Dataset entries
····················

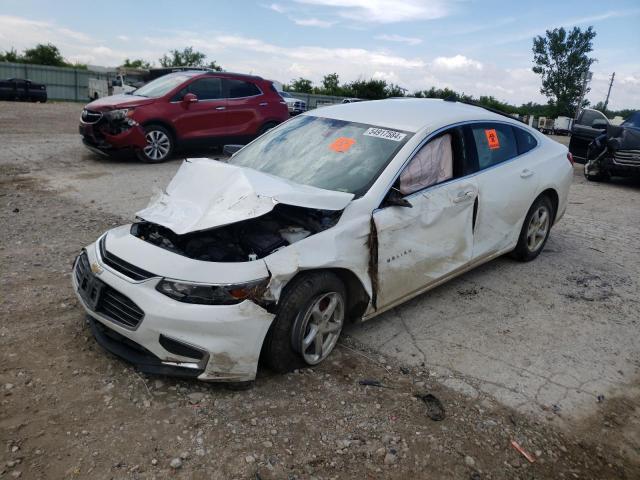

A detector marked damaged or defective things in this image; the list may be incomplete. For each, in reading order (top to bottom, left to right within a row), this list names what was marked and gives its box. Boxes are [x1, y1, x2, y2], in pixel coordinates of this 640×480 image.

broken headlight assembly [103, 108, 137, 124]
crumpled hood [136, 158, 356, 234]
damaged white car [72, 99, 572, 384]
broken headlight assembly [156, 276, 268, 306]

····················

Aim of the task | Pictures don't belong in the copy. Restate all the entries exactly.

Exercise response |
A detector marked damaged or defective things in this image; the list may be incomplete. For each, in reading order (top to bottom, left to right within a row), this list names what was marked and gives its box. Boxes are [x1, y1, x2, y2], in pixel coordinates of this 640×480 image.

broken headlight assembly [103, 108, 137, 124]
crumpled hood [136, 158, 356, 234]
damaged white car [72, 99, 572, 384]
broken headlight assembly [156, 276, 268, 306]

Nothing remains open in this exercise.